Ces évolutions appellent trois questions clés : (i) comment poursuivre l’Europe des paiements et le Sepa sans un système européen de paiement par carte ? Aujourd’hui, 100 % des transactions transfrontières par carte en Europe, incluant les retraits d’espèces, se font via des schemes cartes internationaux, essentiellement Visa et MasterCard. La réglementation européenne sur le choix de la marque en acceptation par les e-commerçants favorise ces schemes internationaux au détriment des schemes domestiques. Cette situation de duopole lucratif n’offre aucune concurrence sérieuse et ouvre un risque stratégique majeur de souveraineté. Les banques européennes doivent donc se remettre à l’ouvrage, en envisageant par exemple une consolidation de trois ou quatre grands schemes domestiques existant en Europe, représentant 60 % des transactions ; (ii) comment dynamiser le paiement instantané et développer une alternative aux schemes internationaux, notamment pour les paiements en ligne ? La solution passe par la bascule progressive des virements existants vers le virement instantané, même si cela ne correspond pas à un besoin clients, à la fois pour lui donner une masse critique qui assurera sa dynamique et pour réduire pour les banques les coûts industriels de gestion d’une double filière technique pour les virements. (iii) Enfin, la question de la place de l’euro numérique dans la sphère des paiements de détail, qui n’est pas qu’une question technique. Une offre qui permettrait rapidement de concurrencer les offres internationales de cryptopaiements via des stablecoins globaux (mis à l’index par le FSB du G20) ou des monnaies numériques en devises étrangères s’avère indispensable, surtout en l’absence de solution bancaire.

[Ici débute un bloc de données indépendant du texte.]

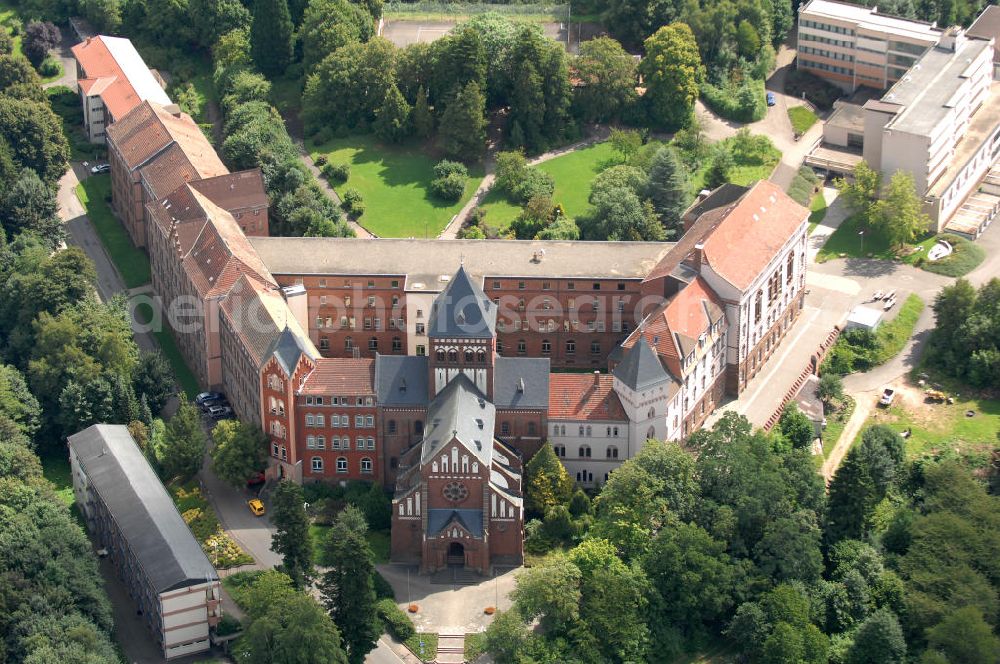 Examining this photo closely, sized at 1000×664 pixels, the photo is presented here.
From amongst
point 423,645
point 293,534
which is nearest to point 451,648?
point 423,645

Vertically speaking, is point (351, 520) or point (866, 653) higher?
point (351, 520)

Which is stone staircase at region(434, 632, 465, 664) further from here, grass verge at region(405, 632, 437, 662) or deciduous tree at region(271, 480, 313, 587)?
deciduous tree at region(271, 480, 313, 587)

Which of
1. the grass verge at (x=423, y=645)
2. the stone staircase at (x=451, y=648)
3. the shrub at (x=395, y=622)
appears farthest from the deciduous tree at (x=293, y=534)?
the stone staircase at (x=451, y=648)

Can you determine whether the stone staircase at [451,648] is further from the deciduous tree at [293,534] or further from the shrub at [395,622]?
the deciduous tree at [293,534]

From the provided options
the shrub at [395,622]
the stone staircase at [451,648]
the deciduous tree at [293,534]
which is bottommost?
the stone staircase at [451,648]

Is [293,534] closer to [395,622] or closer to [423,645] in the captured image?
[395,622]

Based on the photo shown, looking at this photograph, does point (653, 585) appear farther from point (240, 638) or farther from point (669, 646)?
point (240, 638)

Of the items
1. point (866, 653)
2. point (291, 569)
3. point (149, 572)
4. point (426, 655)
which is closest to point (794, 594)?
point (866, 653) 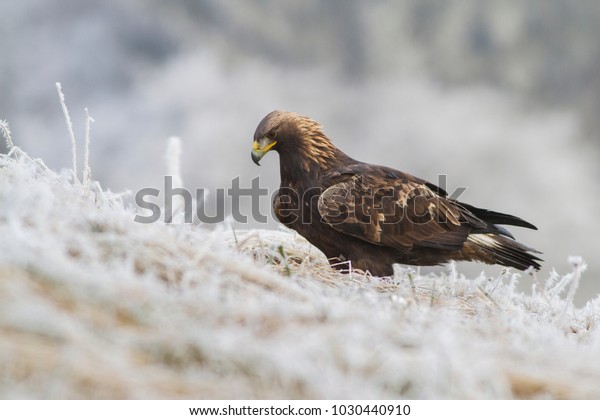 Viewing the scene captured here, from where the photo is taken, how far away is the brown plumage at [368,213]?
418 cm

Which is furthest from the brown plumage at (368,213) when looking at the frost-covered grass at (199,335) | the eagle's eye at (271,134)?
the frost-covered grass at (199,335)

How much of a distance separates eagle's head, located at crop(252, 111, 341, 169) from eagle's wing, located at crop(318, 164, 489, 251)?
297mm

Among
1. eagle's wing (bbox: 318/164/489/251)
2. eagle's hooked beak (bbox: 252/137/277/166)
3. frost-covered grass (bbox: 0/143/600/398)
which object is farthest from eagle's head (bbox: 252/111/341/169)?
frost-covered grass (bbox: 0/143/600/398)

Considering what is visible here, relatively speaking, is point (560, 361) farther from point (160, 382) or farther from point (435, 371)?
point (160, 382)

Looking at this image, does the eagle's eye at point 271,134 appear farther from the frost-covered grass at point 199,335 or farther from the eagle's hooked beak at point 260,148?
the frost-covered grass at point 199,335

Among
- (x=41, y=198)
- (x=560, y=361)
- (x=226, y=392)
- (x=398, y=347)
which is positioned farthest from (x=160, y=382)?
(x=560, y=361)

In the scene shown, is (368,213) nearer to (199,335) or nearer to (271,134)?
(271,134)

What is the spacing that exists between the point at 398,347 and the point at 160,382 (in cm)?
77

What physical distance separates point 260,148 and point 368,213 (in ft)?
2.90

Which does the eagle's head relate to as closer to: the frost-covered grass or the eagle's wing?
the eagle's wing

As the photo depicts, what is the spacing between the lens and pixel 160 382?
1731 millimetres

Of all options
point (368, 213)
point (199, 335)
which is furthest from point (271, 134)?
point (199, 335)

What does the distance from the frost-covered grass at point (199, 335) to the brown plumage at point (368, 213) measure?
5.32 ft

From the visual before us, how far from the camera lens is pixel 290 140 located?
14.8 feet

Mais, là aussi, il faut éviter trois écueils : (i) vouloir d’abord préparer un substitut à long terme du cash, comme l’envisagent la Suède et certaines banques centrales de la zone euro ; (ii) vouloir commencer par le plus difficile, les paiements de détail, qui nécessitent une très longue préparation, au lieu de commencer par une monnaie numérique de gros pour les règlements interbancaires, le dénouement des transactions sur actifs « tokenisés », les paiements de gros montants et les paiements internationaux, qui lui donneraient, là encore, une masse critique et l’adhésion des acteurs bancaires et financiers ; (iii) contourner l’obstacle technique des blockchains pour se rabattre sur une « monnaie électronique »,
ce qui lui retirerait toute crédibilité et tout intérêt, notamment pour le développement d’une réelle industrie européenne des cryptopaiements.

Ces trois enjeux ne sont pas assurés de succès. Le lancement de l’euro numérique de détail ne doit pas, en particulier, remettre en cause les travaux bancaires actuels de rénovation des paiements et de construction d’une offre européenne de long terme, via EPI, et compromettre l’apport majeur que pourrait avoir à moyen et long terme une monnaie numérique de banque centrale.

*ECB Statistical Data Warehouse (europa.eu).